My prediction is that town centre shopping is becoming a leisure activity. For convenience, out of town or a shopping mall is easier; for price and choice, the internet wins. The places that are doing well combine interesting, niche retail with good quality arts and culture, decent public realm, local distinctiveness and a vibrant, varied cafe culture. Think North Laine in Brighton, or Lewes, or Seven Dials in London.
I predict smaller town centres becoming niche destinations, with high quality independents offering more than just traditional retail (bookshops with readings and signings and a book club; record shops with instore sessions and a monthly music club, for example). Pop-up shops will add variety to the mix, and some spaces will become semi-permanent spaces for temporary activity. Town centres will house more community activity, like festivals, street markets and fairs.

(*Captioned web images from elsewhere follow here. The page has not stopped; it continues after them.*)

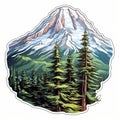 Detailed Shading Forest And Mountain Vinyl Sticker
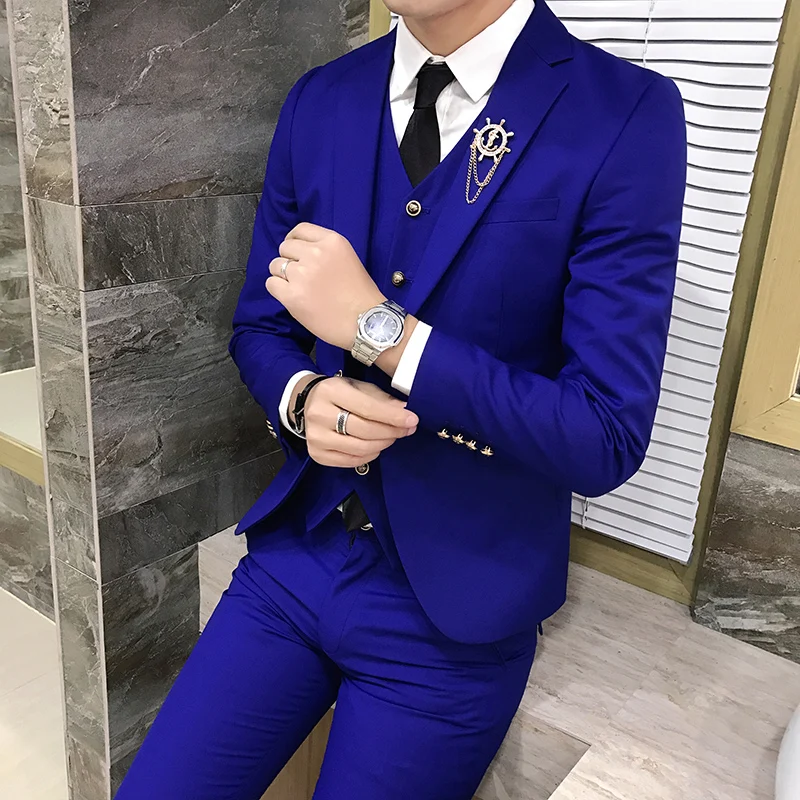 Top Trends: Men's Suits High Quality Wedding Groom Tuxedos Single Button Slim Fit Business Prom Dress Men's Formal Dress Suits Shoppable Styles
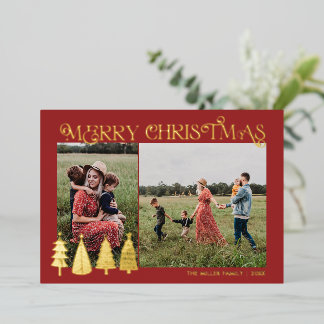 Abstracte kerstbomen Twee foto Gold Foil Holi Folie Feestdagenkaart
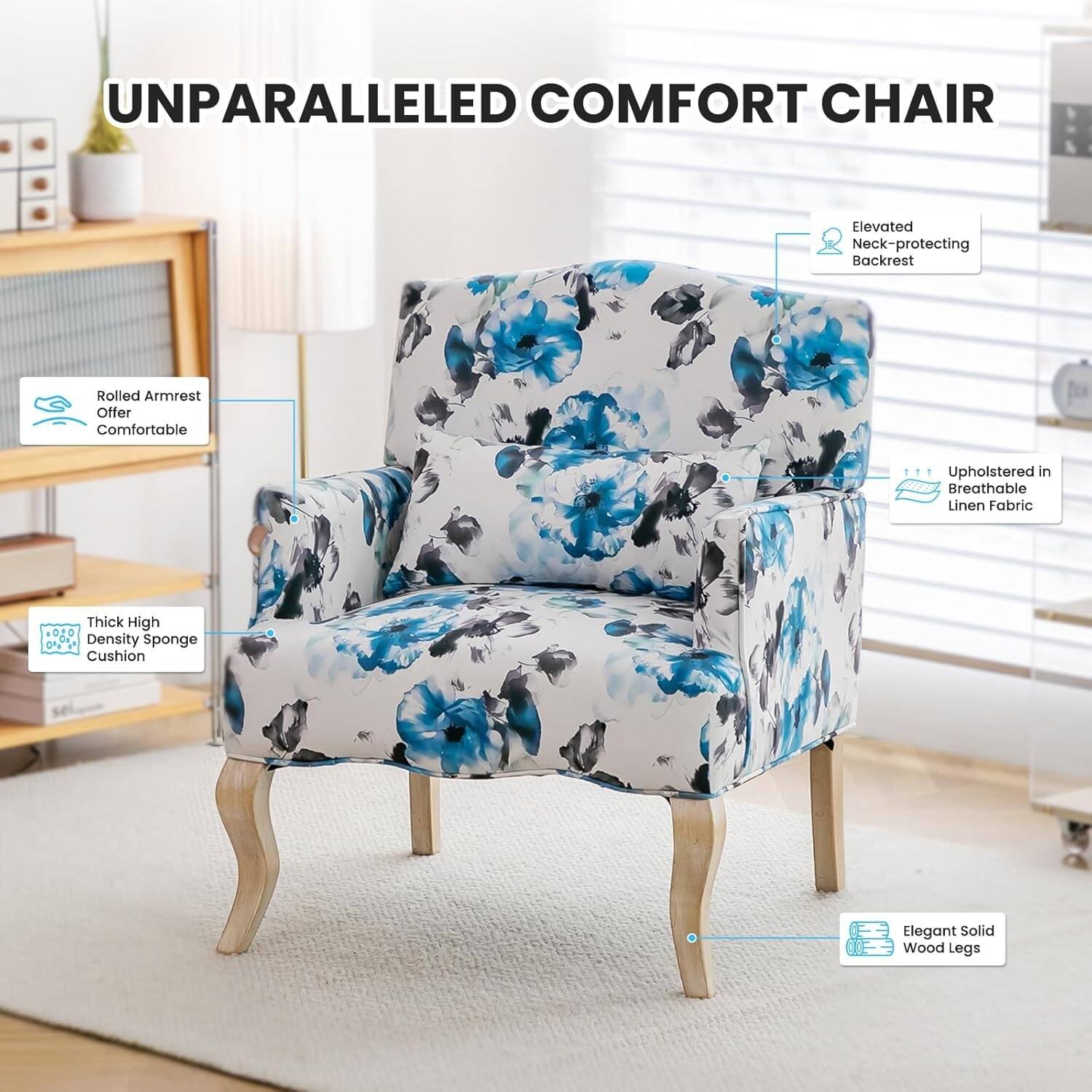 UNPARALLELED COMFORT CHAIR

- Rolled Armrest Offer Comfortable
- Elevated Neck-protecting Backrest
- Upholstered in Breathable Linen Fabric
- Thick High Density Sponge Cushion
- Elegant Solid Wood Legs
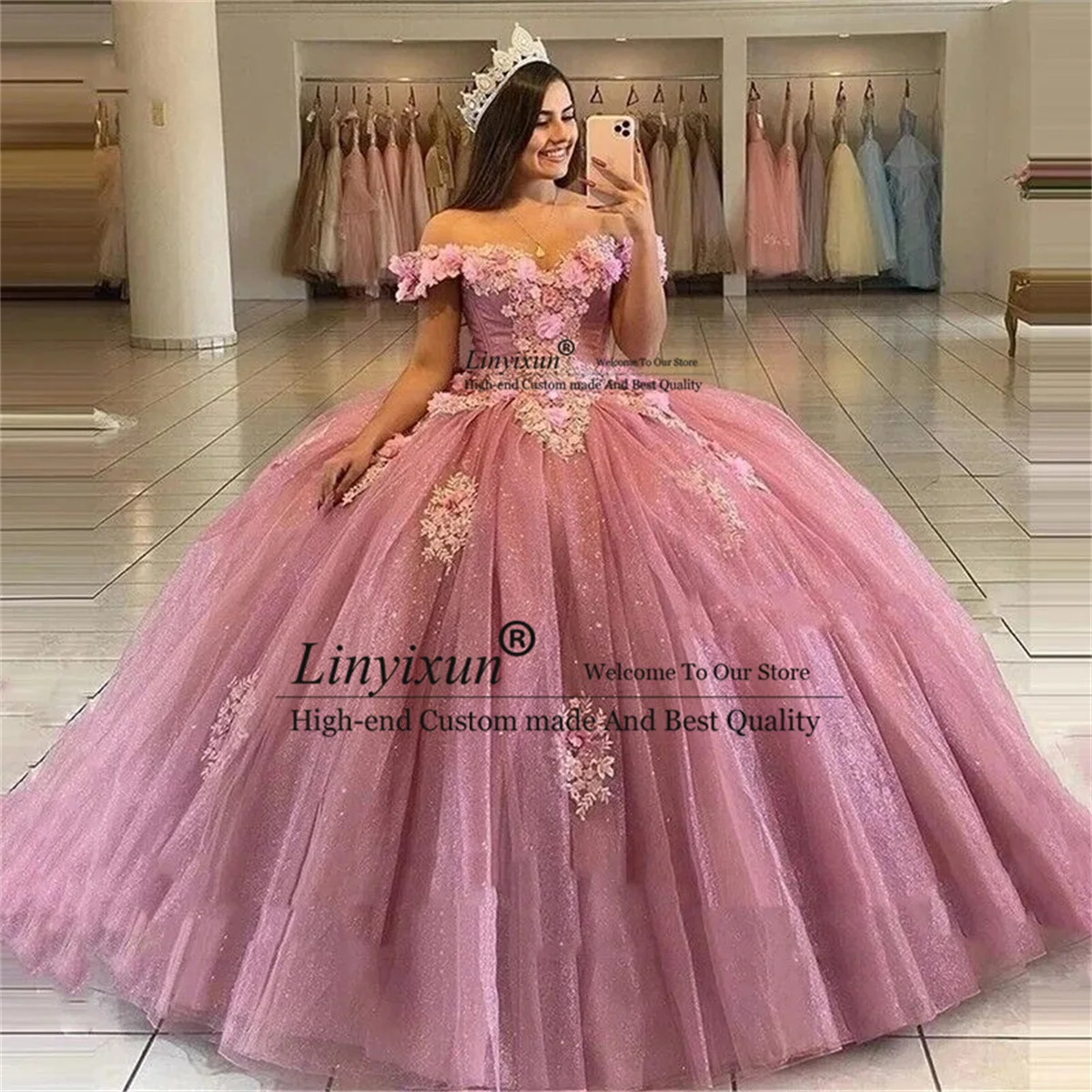 Vestido De baile De quinceañera escote corazón para 15 Años, vestido De fiesta con cuentas, apliques De lentejuelas, hombros descubiertos, Vestidos De princesa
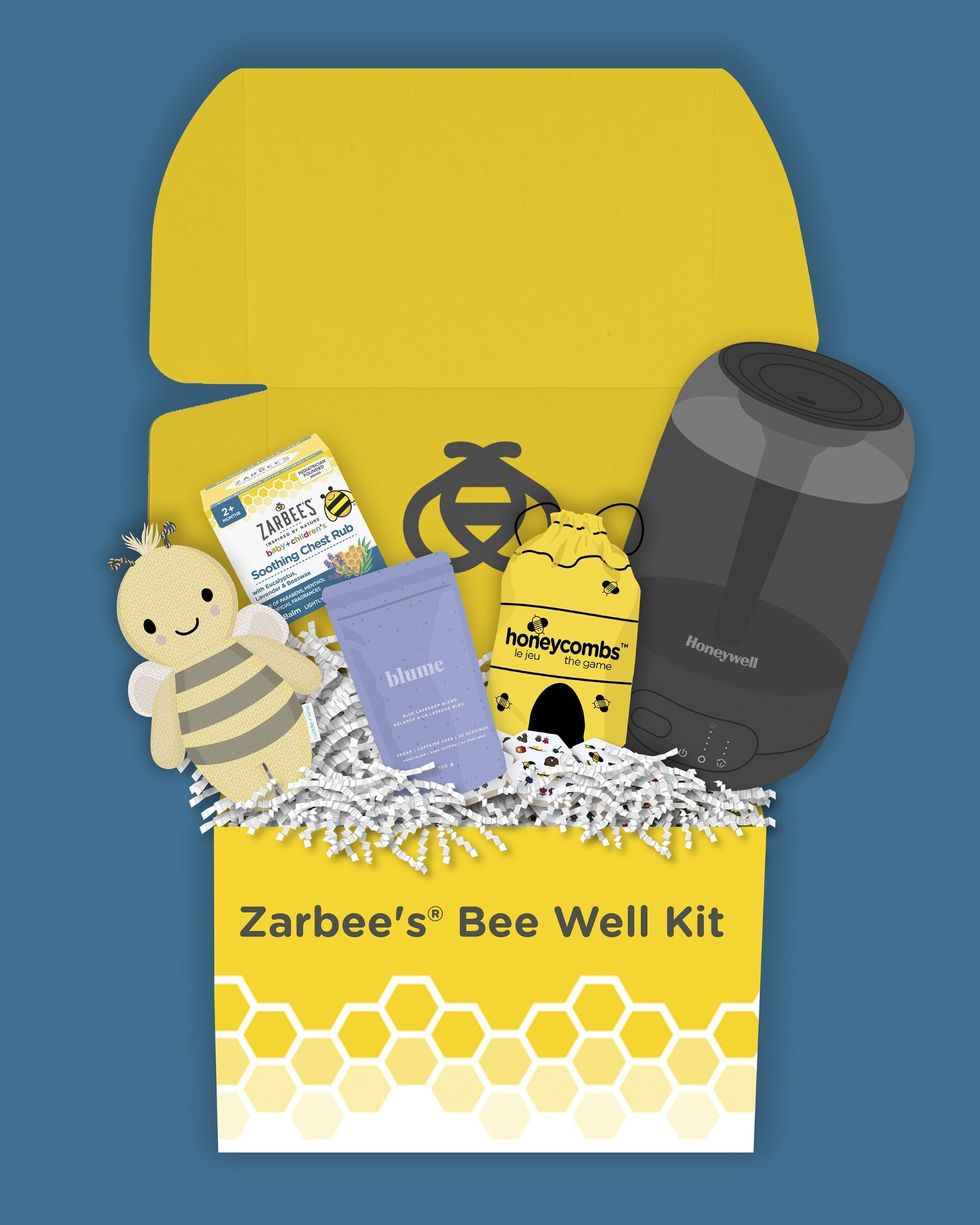 An illustration of a yellow box with honeycomb pattern that reads "Zarbee's Bee Well Kit." Coming out of the box are a bee plushie, Zarbee's products, a game and room humidifier.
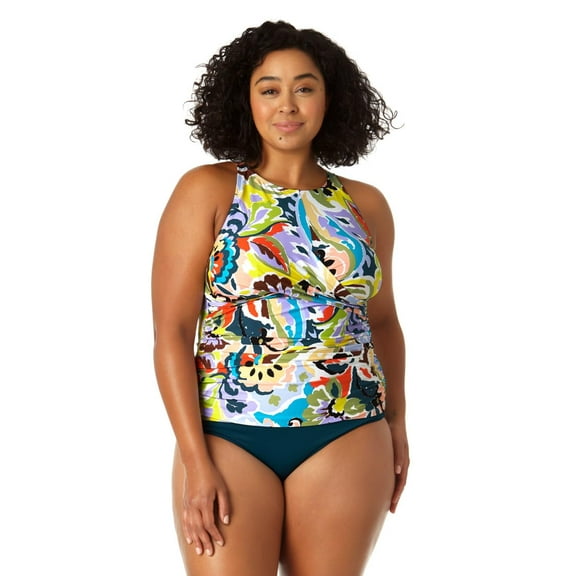Women's Front Wrap High Neck Keyhole Tankini Swim Top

As for HMV; regardless of what it sells, it’s a miserable, soul-less place to shop. It’s not failing because of anything other than being a bad place to shop.
January 24th, 2011 at 10:59 am
Dan Thompson makes some good points in his reply. At the Local Data Company we are physically walking 800 towns and cities twice a year and have some great insight on this change. By 2012 we will be covering 2,000 centres. The reality is that shopping is changing and that retailers want large store formats to show their full offer, they want ease of access for logistics and minimal interference from the council! The result is that out of town in clusters with other strong multiples is the place to be or large edge/intown shopping centres! Add into this the growth of the internet to over 8% and supermarkets having c.40% of non food retail spend then you can see that the high street is the least attractive option both in terms of cost, footfall and clustering.
The OS data, whilst I question the detail based on addressing, shows what we see day in and day out. The lack of business rates relief has forced landlords to let their empty shops for anything upwards from covering their bills. This does create opportunities for small businesses in towns where their is sufficient affluence and consumer support to sustain them. Services, specialist independents and community are the future of the high street. More in-town residential provision and less restriction from councils on planning, parking and events will help massively.